Чаще всего я прибегаю к приему, который для себя называю — сторонний повод. Возник он во время поездки на Дальний Восток совершенно непроизвольно: я уже писала некое произведение о молодежи, которое потом переросло в роман «Мужество», в связи с этой работой мне и захотелось побывать в Комсомольске-на-Амуре, но денег на поездку не было, поэтому я взяла в «Комсомольской правде» командировку «с целью написания серии очерков о молодежи, осваивающей Дальний Восток». Вот эта серия и стала моим сторонним поводом: в какие-то дни и часы я беседовала с нужными людьми, собирала цифры и факты для очерков, в остальное время просто жила среди прототипов своих будущих героев, дружила и спорила с ними, ходила к ним в бараки и землянки, танцевала, когда они танцуют, купалась в Амуре или шла на прогулку в тайгу, когда они купались или гуляли.
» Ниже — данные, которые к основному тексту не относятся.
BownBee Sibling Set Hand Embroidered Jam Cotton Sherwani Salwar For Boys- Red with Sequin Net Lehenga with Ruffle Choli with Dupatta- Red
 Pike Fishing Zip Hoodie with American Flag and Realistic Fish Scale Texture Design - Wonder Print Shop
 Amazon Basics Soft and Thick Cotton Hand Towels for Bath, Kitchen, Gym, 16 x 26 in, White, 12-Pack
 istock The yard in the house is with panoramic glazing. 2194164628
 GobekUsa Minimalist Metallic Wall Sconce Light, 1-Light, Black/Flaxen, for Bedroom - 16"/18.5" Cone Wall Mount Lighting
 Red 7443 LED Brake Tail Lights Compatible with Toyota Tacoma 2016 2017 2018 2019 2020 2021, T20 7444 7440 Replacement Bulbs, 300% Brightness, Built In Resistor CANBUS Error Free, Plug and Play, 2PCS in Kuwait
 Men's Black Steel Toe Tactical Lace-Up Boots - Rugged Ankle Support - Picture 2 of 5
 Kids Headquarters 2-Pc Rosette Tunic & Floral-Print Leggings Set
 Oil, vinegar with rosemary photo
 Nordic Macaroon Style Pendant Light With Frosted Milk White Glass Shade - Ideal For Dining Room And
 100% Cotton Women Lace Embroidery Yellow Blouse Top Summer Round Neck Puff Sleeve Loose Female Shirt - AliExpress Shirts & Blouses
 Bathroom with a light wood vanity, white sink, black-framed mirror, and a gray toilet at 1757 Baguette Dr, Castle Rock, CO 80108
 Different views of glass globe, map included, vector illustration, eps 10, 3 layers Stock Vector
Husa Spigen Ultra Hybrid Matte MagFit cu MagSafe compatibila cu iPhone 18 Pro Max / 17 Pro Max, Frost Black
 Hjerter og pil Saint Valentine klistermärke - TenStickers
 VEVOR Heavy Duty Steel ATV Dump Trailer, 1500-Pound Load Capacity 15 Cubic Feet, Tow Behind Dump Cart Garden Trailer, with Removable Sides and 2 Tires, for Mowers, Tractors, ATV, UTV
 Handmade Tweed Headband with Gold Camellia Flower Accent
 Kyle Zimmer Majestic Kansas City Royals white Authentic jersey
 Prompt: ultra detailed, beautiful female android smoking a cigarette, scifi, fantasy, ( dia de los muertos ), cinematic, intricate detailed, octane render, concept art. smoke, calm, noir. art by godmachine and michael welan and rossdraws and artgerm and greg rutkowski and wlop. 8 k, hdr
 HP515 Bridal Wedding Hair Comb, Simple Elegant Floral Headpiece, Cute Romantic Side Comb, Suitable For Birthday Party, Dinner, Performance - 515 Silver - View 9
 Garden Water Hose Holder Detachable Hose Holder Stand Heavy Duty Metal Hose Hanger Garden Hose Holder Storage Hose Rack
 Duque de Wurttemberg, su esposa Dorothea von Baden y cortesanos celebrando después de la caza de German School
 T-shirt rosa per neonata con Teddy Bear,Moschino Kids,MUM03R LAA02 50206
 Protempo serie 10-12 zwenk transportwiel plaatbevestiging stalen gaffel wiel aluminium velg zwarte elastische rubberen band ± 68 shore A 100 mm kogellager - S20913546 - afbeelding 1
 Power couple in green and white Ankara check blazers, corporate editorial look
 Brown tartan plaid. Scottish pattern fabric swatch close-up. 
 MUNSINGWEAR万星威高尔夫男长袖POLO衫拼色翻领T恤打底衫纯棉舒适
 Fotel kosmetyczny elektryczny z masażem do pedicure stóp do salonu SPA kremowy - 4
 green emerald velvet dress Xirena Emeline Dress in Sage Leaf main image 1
На заводе я применяла этот метод уже сознательно. В ударном квартале, очень напряженном по выпуску трелевочных тракторов и турбин, я предложила заводской газете «Кировец» открыть рубрику «Время не ждет»; вместе с группой рабкоров мы прослеживали путь дефицитных деталей, искали узкие места и виновников того или иного срыва… Так выявлялись качества разных людей, ответственных и неответственных, во время наших рейдов! Одни выкручивались, валили на поставщиков или на соседа, другие честно говорили — я виноват! Находились и очковтиратели, и любители радужных обещаний — мол, завтра все исправим, только не пропечатывайте!.. Тут уж никто не думал о будущем романе, думали о следующем номере многотиражки…
Много разных сторонних поводов применила я на заводе и каждый приносил пользу, а главное — я стала в цехе своей, меня уже не стеснялись. А когда по инициативе кировцев меня выбрали депутатом Ленинградского Совета от большого жилмассива на Турбинной улице, неподалеку от завода, столько прихлынуло ко мне бытовых, и семейных, и трудовых историй, конфликтов, наболевших вопросов! Решение некоторых из них требовало длительных усилий, отнимало массу времени и выматывало душу, но зато сколько было радости, когда удавалось добиться решения и я видела, как светлеют лица намаявшихся людей!..
Быть соучастником, а не наблюдателем жизни — вот самое ценное, что можно посоветовать любому пишущему. В дни войны и в дни мира. Ценой усталости и траты драгоценного времени — окупится сторицей! Пока есть силы, не щадить себя — сил прибавится.
В свои восемнадцать лет я обо всем этом понятия не имела и вовсе не думала, что решение, принятое за сорок пять минут, переламывает мою собственную судьбу. В седьмом часу утра, подходя к фабричной проходной в толпе по-утреннему хмурых, молчаливых или грубовато-шумных работниц и рабочих, я представляла себе, что вот так же робко переступит порог фабрики моя Натка, и ее бережно подхватит рабочий коллектив, и направит, и распрямит, и, конечно, тут она встретит славного парня, похожего на Борю Котельникова с «Электрика». Могла ли я предвидеть, что мой наивный замысел полетит вверх тормашками, что жизнь далека от идиллии и все повернет по-своему!